- Task prompt:
Within the records below is a range that opens at the line with "MESH POT 150MM" and closes at the line with "6 Ways to Access". Return that range word for word, both ends included, and only that range.

- Records provided:

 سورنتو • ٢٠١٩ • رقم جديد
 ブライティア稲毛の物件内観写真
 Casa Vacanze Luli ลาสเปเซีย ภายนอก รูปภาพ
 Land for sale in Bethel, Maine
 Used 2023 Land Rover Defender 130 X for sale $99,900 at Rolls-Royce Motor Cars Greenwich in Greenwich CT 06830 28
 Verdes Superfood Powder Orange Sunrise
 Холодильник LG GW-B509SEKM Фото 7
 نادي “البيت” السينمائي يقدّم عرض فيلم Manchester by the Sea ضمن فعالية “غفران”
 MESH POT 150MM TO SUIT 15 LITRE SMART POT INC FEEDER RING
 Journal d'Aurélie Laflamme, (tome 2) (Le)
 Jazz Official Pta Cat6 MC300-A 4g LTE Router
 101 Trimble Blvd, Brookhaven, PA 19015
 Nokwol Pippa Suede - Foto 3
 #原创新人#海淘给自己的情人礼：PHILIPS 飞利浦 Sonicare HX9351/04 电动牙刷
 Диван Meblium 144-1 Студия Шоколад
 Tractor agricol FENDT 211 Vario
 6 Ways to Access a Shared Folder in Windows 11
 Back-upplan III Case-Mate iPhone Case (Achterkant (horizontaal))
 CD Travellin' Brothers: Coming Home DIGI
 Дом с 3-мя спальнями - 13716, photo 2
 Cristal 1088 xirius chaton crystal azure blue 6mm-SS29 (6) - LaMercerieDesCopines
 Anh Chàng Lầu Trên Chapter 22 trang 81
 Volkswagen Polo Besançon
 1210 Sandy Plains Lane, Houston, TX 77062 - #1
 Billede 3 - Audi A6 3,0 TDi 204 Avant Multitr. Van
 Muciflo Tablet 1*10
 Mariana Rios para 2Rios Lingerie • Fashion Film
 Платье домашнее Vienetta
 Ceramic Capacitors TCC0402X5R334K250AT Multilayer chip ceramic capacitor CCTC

- Response to the exercise:
 MESH POT 150MM TO SUIT 15 LITRE SMART POT INC FEEDER RING
 Journal d'Aurélie Laflamme, (tome 2) (Le)
 Jazz Official Pta Cat6 MC300-A 4g LTE Router
 101 Trimble Blvd, Brookhaven, PA 19015
 Nokwol Pippa Suede - Foto 3
 #原创新人#海淘给自己的情人礼：PHILIPS 飞利浦 Sonicare HX9351/04 电动牙刷
 Диван Meblium 144-1 Студия Шоколад
 Tractor agricol FENDT 211 Vario
 6 Ways to Access a Shared Folder in Windows 11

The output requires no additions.